# Udder Delight on St. Thomas



## Numismatist (Sep 24, 2010)

Anyone know if this is still in business?  I heard a rumor that the milk plant next door was closing and thought it might affect them.

We LOVE getting the best milkshakes in the world there! 

Anyone been recently?


----------



## Gerie (Sep 25, 2010)

We were there about a month ago.  Shakes as wonderful as ever.  One of my friends who lives on island heard that the ladies who work there actually bought the stand from St.
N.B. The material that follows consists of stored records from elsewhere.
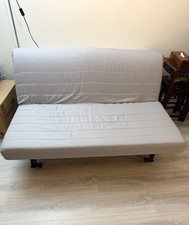 IKEA Lovas Two Seater Sofa Bed Grey Fabric good condition- collection only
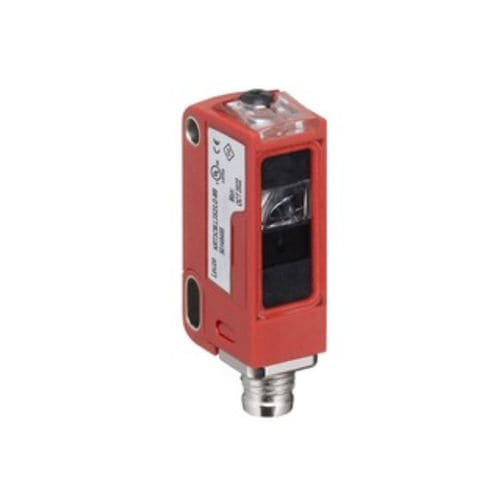 Rechteckiger Kontrasttaster - KRT3CM.L3S2/6T-M8.P1 - Leuze - rotes Licht / LED / digital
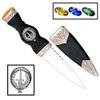 Scottish Clan Crest Sgian Dubh ~ MacDonald (Glencoe) view 2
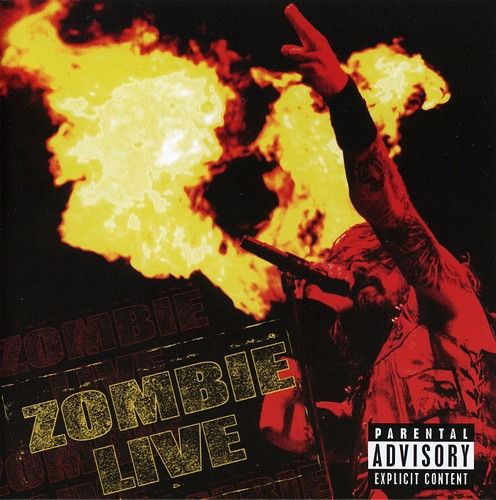 the album cover for Rob Zombie - Zombie Live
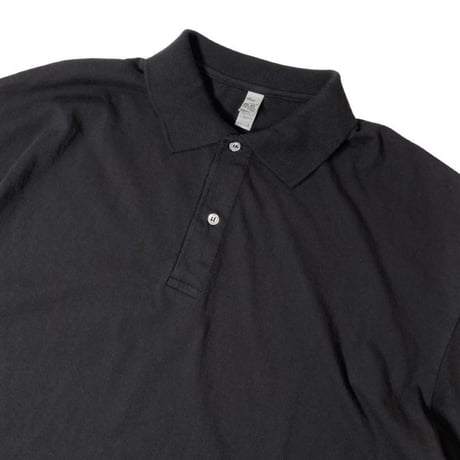 Los Angeles Apparel 6.5oz S/S Polo T-Shirts - Black [18412GD]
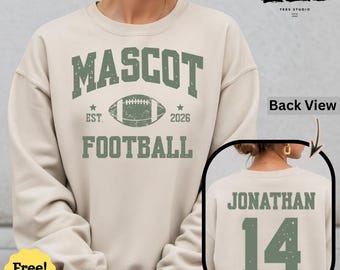 Comfort Color Custom Football Mascot shirt Personalized Football Team For Football Mom Gift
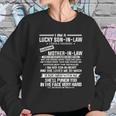 Lucky Son In Law Off A Freaking Mother In Law Women Sweatshirt Gifts for Her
Thomas Dairy and will continue making those delicious frosty concoctions.  My favorite is a Jack and Jill with a banana in it.  Mmmmm.


----------



## Ted15 (Oct 8, 2010)

Numismatist said:


> Anyone know if this is still in business?  I heard a rumor that the milk plant next door was closing and thought it might affect them.
> 
> We LOVE getting the best milkshakes in the world there!
> 
> Anyone been recently?



Stopped twice the week of 18-25 Sept.  Great shakes, one of the highlights of the island.


----------



## riverdees05 (Oct 8, 2010)

What is the address for Udder Delight?


----------



## Ted15 (Oct 8, 2010)

riverdees05 said:


> What is the address for Udder Delight?



On the road out of Megans Bay, dairy is on your left at a big curve, you can't miss it.  Has a parking lot.  Have found that most roads on St. Thomas are not named, you can always ask a local for directions.


----------